Le deuxième incident concernait un avion de RyanAir, immobilisé au sol en Biélorussie en 2021. Le blogueur d'opposition Roman Protasevich était à bord. Les Biélorusses ont soumis un rapport au Conseil de l'OACI, ne constatant aucune faute. La Russie, seule pays à l'avoir soutenu, s'y est opposée. Les pays occidentaux s'y sont opposés et ont exigé la création d'une commission spéciale, nommée par le Conseil de l'OACI. Cette commission a conclu que la Biélorussie avait violé les règles de l'organisation. Nous nous sommes opposés à cette conclusion, et Maria Zakharova a déclaré que nous nous y opposions.
Tout cela a conduit à ce que, si, au début de l'enquête sur le MH17, nous avions placé tous nos espoirs dans l'OACI, après ces deux événements, la Russie ait radicalement changé d'attitude envers l'organisation.
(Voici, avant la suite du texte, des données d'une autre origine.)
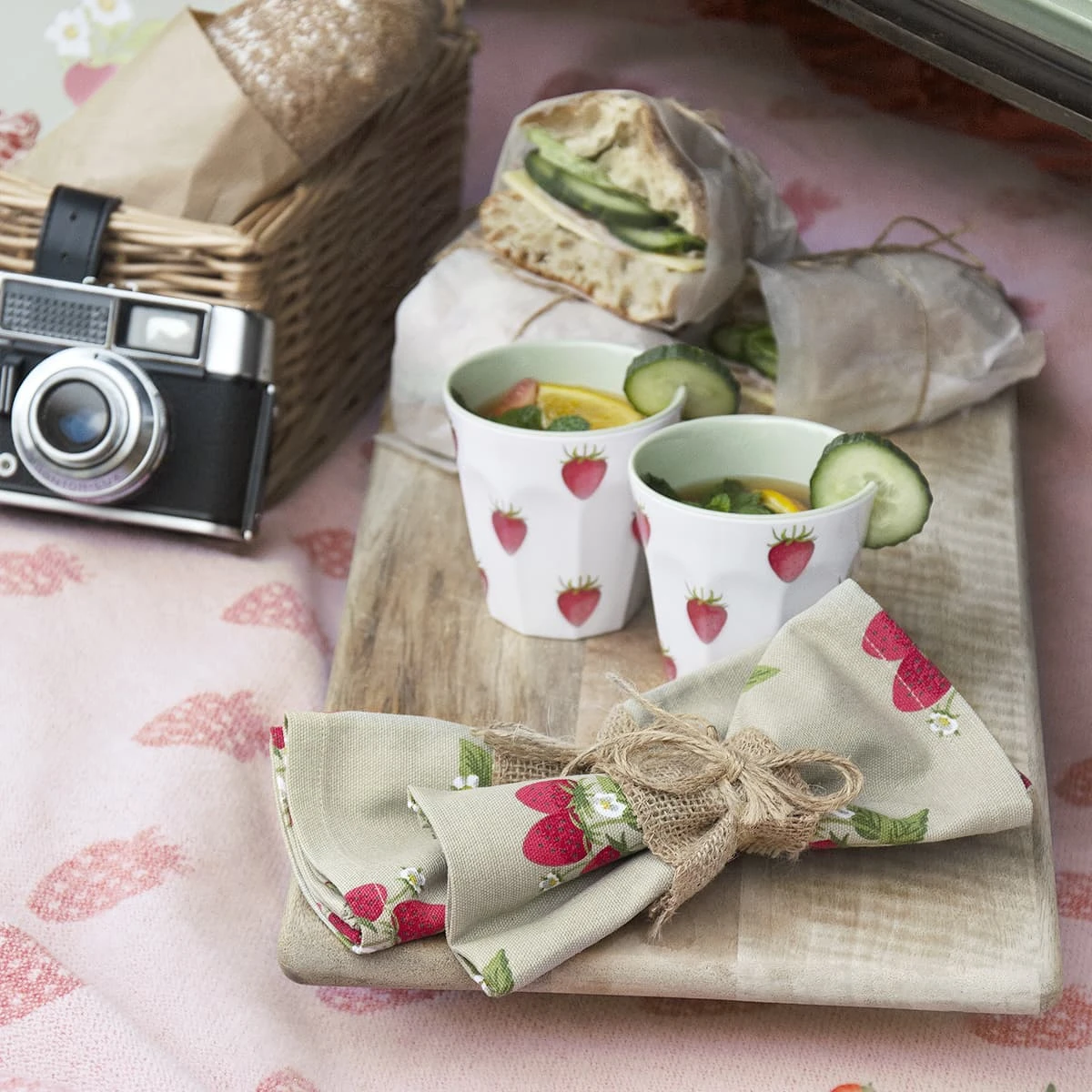 Strawberries Melamine Beaker - Image 3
Il est devenu évident que si l'on ne siège pas au Conseil de l'OACI, mais qu'on siège au même conseil que Madagascar et la Nouvelle-Zélande, on n'a aucune influence sur ses décisions ni sur quoi que ce soit d'autre.
La Russie n'a pas reconnu le verdict du tribunal néerlandais. Photo : EPA/TASS. newizv.ru
— Les autorités russes estiment que l'OACI, en tant qu'organisation internationale, n'a pas géré l'affaire du vol MH17. Existe-t-il des précédents ?
— Les plaintes déposées par des membres de l'OACI contre d'autres membres de l'OACI au titre de l'article relatif à la sécurité de l'aviation civile et à la renonciation au recours à la force pour détruire des aéronefs étaient inscrites dans la Convention de l'OACI, mais elles n'ont jamais été pleinement mises en œuvre. Il n'existe aucun précédent dans l'histoire de l'OACI. Dans un cas, une plainte a été déposée, mais la décision du Conseil de l'OACI était si lourde de conséquences que les parties ont trouvé un arrangement à mi-chemin. Elles ont conclu un accord à l'amiable, et l'affaire a été réglée.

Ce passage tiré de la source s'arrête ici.